[Dataset entries]
•••
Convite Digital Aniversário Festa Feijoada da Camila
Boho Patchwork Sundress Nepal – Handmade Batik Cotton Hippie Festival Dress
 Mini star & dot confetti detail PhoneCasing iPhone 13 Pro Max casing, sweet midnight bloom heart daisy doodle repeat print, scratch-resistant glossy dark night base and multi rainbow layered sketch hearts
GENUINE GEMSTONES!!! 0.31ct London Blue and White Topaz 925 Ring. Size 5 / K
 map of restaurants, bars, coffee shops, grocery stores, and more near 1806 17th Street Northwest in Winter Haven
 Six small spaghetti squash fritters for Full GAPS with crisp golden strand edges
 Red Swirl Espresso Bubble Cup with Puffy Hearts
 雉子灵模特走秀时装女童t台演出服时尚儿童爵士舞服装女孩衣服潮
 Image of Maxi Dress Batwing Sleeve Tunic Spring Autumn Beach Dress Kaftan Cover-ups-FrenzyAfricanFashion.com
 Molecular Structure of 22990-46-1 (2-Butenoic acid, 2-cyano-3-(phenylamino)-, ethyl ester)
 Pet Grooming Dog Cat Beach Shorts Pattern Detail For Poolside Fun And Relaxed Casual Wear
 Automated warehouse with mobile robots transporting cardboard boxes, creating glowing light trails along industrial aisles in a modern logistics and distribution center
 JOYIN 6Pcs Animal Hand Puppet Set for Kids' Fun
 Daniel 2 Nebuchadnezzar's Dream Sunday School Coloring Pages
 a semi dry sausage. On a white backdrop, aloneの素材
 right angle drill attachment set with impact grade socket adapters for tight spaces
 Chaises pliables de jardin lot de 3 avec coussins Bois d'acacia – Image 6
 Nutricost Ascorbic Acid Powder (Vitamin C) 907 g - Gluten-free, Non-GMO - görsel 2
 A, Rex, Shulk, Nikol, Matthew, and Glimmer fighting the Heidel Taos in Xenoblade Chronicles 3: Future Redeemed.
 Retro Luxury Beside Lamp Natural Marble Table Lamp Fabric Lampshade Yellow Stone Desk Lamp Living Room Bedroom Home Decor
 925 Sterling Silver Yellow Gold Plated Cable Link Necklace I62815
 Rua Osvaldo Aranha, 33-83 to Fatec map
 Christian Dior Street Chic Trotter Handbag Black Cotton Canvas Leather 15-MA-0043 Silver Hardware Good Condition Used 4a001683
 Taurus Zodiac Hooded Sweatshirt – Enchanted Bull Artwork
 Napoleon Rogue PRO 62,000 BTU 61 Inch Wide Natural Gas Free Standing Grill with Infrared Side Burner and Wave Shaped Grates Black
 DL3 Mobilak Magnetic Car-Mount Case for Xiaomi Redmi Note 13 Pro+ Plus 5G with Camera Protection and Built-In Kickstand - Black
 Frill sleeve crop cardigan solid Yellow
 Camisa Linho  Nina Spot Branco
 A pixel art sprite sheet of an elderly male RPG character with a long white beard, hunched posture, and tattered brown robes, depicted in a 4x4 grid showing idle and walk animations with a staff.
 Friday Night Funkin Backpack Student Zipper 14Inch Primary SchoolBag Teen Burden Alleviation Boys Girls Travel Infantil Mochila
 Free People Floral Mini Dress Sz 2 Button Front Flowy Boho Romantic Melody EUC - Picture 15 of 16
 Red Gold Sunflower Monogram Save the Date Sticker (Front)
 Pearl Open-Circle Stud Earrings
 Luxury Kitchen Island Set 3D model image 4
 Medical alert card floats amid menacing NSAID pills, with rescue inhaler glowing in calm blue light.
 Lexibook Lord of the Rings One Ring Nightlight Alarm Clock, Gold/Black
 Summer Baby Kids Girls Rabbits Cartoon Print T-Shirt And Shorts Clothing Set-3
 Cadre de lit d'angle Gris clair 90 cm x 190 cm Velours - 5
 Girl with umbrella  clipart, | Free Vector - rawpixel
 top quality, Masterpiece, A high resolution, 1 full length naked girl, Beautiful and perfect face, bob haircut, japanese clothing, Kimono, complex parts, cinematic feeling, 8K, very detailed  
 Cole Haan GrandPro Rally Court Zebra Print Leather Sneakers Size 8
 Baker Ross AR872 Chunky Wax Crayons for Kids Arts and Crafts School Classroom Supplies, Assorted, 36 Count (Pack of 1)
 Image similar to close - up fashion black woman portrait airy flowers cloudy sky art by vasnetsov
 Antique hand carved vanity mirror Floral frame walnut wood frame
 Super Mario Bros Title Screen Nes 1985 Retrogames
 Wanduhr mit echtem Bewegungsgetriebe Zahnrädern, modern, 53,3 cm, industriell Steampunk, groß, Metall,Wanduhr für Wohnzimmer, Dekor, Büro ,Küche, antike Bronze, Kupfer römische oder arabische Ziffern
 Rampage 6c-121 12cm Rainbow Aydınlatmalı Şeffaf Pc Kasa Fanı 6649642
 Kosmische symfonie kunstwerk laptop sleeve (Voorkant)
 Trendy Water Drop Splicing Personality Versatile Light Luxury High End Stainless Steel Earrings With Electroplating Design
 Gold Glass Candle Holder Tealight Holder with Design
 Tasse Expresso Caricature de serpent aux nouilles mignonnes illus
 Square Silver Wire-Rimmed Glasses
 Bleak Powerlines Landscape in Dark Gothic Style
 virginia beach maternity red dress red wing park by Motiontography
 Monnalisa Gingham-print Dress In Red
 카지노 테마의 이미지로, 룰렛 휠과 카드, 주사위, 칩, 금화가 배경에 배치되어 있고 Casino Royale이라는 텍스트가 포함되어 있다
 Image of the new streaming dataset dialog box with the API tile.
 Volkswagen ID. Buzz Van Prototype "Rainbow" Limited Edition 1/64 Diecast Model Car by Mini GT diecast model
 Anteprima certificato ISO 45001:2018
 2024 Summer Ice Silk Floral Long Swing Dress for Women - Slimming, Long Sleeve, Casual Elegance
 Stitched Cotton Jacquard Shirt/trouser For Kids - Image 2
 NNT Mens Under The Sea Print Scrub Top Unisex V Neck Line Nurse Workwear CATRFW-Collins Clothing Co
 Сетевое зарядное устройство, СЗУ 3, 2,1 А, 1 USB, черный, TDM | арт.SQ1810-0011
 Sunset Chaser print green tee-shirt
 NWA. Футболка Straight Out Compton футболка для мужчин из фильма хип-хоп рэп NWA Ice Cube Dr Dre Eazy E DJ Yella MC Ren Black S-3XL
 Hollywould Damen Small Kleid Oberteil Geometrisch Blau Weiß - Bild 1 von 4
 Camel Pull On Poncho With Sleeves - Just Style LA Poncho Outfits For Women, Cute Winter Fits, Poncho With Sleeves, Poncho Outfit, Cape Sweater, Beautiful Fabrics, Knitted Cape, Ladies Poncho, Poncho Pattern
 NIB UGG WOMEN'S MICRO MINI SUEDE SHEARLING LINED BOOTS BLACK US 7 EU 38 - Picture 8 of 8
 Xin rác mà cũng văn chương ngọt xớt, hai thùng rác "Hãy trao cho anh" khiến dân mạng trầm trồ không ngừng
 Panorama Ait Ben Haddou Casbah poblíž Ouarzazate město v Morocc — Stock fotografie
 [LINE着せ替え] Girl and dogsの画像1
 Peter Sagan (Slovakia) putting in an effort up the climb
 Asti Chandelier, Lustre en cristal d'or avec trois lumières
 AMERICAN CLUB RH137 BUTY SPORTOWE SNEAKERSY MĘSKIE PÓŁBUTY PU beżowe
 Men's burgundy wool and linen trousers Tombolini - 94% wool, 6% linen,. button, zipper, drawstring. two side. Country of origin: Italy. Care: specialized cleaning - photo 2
•••
## Assignment:
Read the records above. Show each line that has the string "Silver".

## Solution for this exercise:
 925 Sterling Silver Yellow Gold Plated Cable Link Necklace I62815
 Christian Dior Street Chic Trotter Handbag Black Cotton Canvas Leather 15-MA-0043 Silver Hardware Good Condition Used 4a001683
 Square Silver Wire-Rimmed Glasses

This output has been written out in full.